## Exercise goal
All of the data should be repeated exactly; pictures are not part of the copy.

Exercise materials Block Start

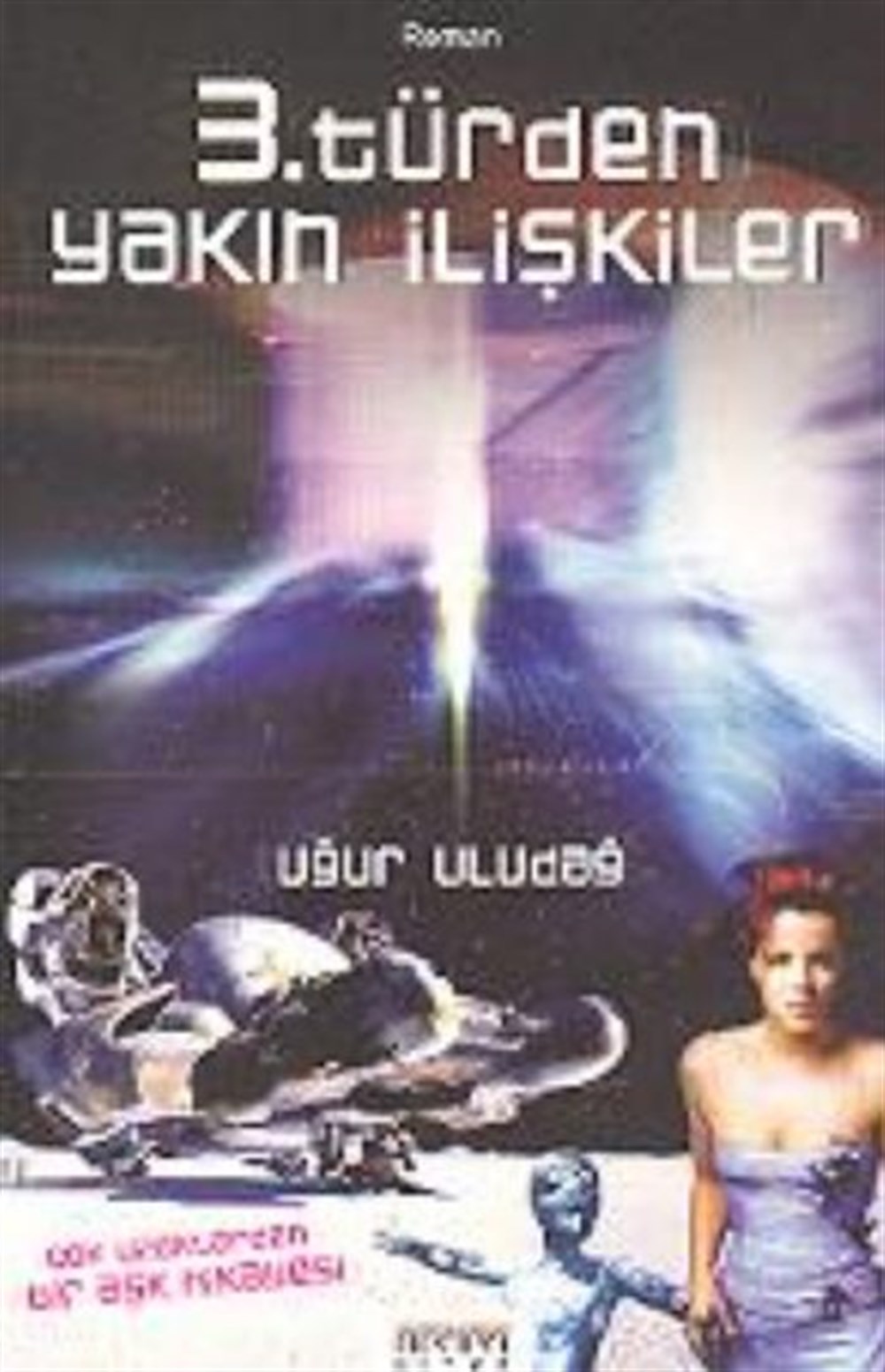 3. Türden Yakın İlişkiler Uğur Uludağ Neden Kitap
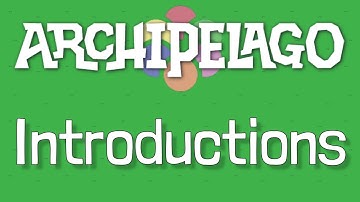 Archipelago: Introductions and First Runs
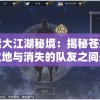 探索大江湖秘境：揭秘苍龙出没之地与消失的队友之间悬疑情感纠葛的神秘故事
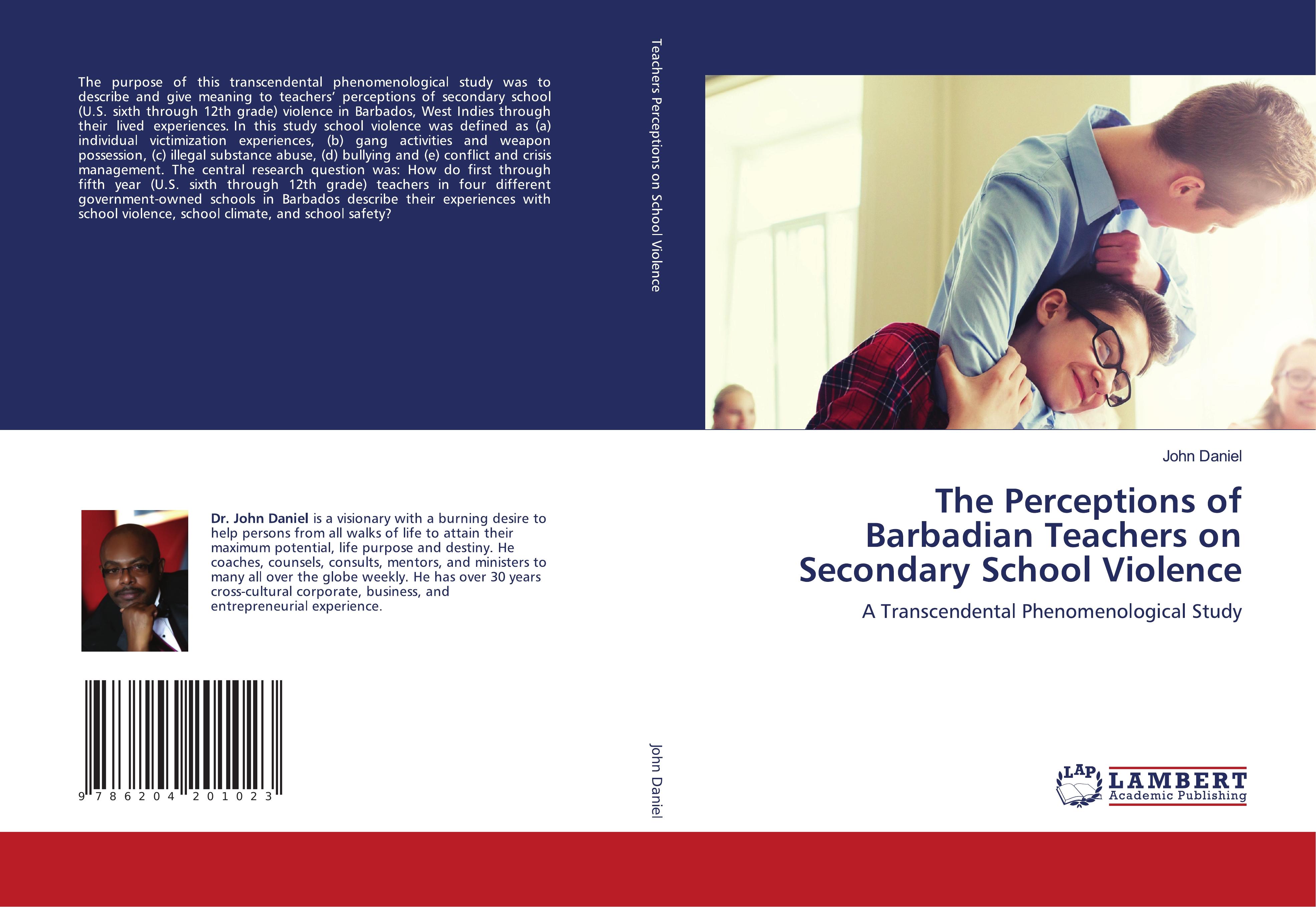 Vorderes Coverbild The Perceptions of Barbadian Teachers on Secondary School Violence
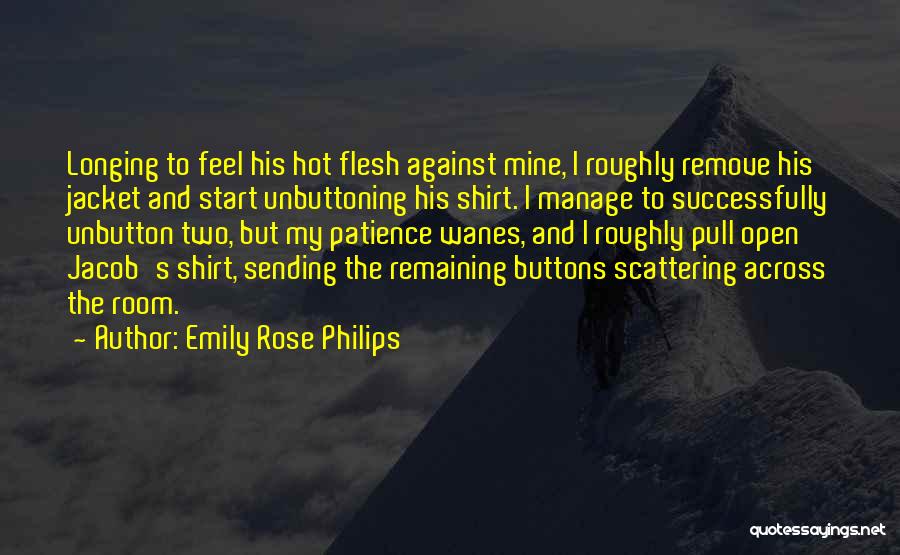 Emily Rose Philips Quotes: Longing To Feel His Hot Flesh Against Mine, I Roughly Remove His Jacket And Start Unbuttoning His Shirt. I Manage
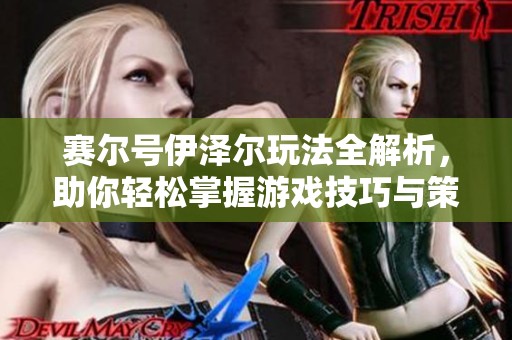赛尔号伊泽尔玩法全解析，助你轻松掌握游戏技巧与策略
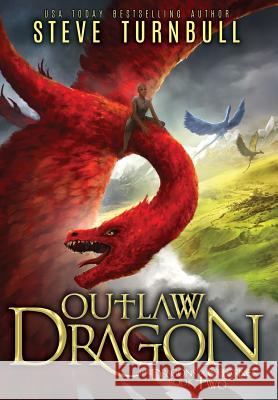 Outlaw Dragon Steve Turnbull 9781910342985 Tau Press Ltd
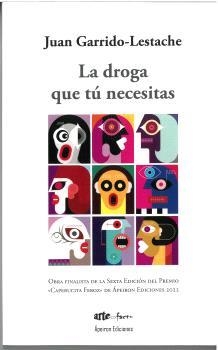 DROGA QUE TÚ NECESITAS, LA | 9788412678505 | GARRIDO-LESTACHE AGUILAR, JUAN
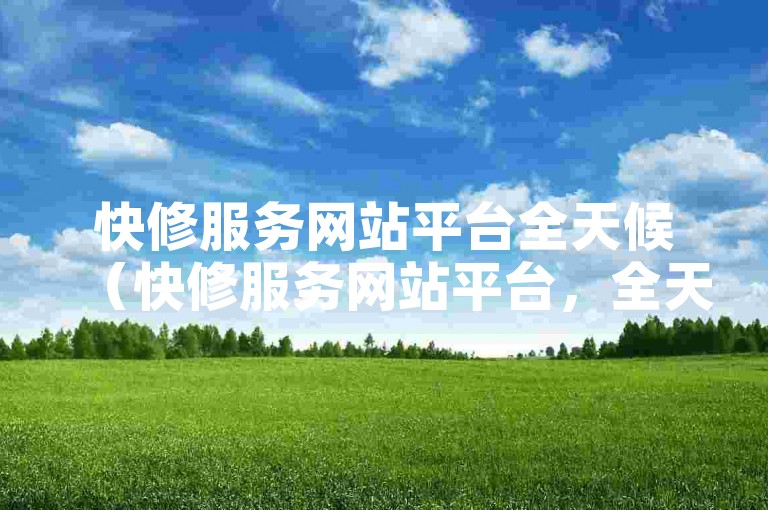 快修服务网站平台全天候（快修服务网站平台，全天候在线支持，帮您处理各类疑难杂症）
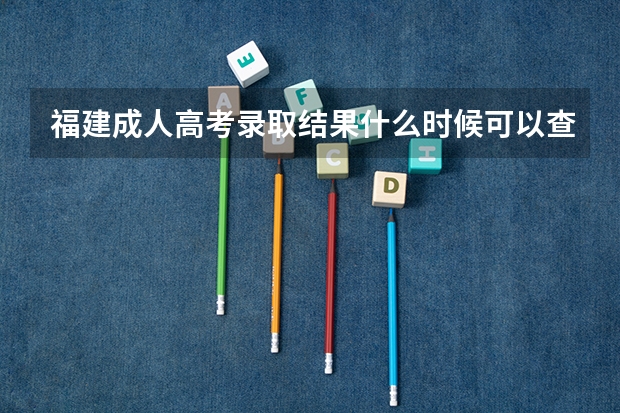 福建成人高考录取结果什么时候可以查询？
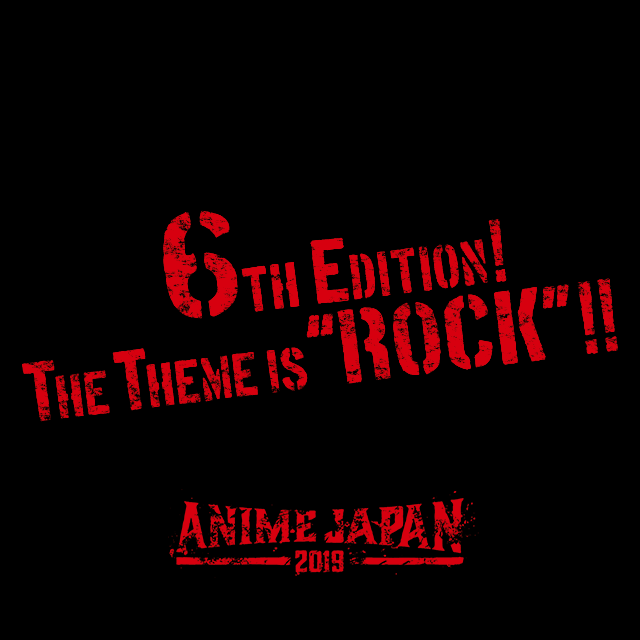 AnimeJapan 2019, The theme is "ROCK".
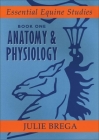 Anatomy & Physiology (Essential Equine Studies #1) By Julie Brega Cover Image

Exercise materials Block End

## Response
 3. Türden Yakın İlişkiler Uğur Uludağ Neden Kitap
 Archipelago: Introductions and First Runs
 探索大江湖秘境：揭秘苍龙出没之地与消失的队友之间悬疑情感纠葛的神秘故事
 Vorderes Coverbild The Perceptions of Barbadian Teachers on Secondary School Violence
 Emily Rose Philips Quotes: Longing To Feel His Hot Flesh Against Mine, I Roughly Remove His Jacket And Start Unbuttoning His Shirt. I Manage
赛尔号伊泽尔玩法全解析，助你轻松掌握游戏技巧与策略
 Outlaw Dragon Steve Turnbull 9781910342985 Tau Press Ltd
 DROGA QUE TÚ NECESITAS, LA | 9788412678505 | GARRIDO-LESTACHE AGUILAR, JUAN
 快修服务网站平台全天候（快修服务网站平台，全天候在线支持，帮您处理各类疑难杂症）
 福建成人高考录取结果什么时候可以查询？
 AnimeJapan 2019, The theme is "ROCK".
 Anatomy & Physiology (Essential Equine Studies #1) By Julie Brega Cover Image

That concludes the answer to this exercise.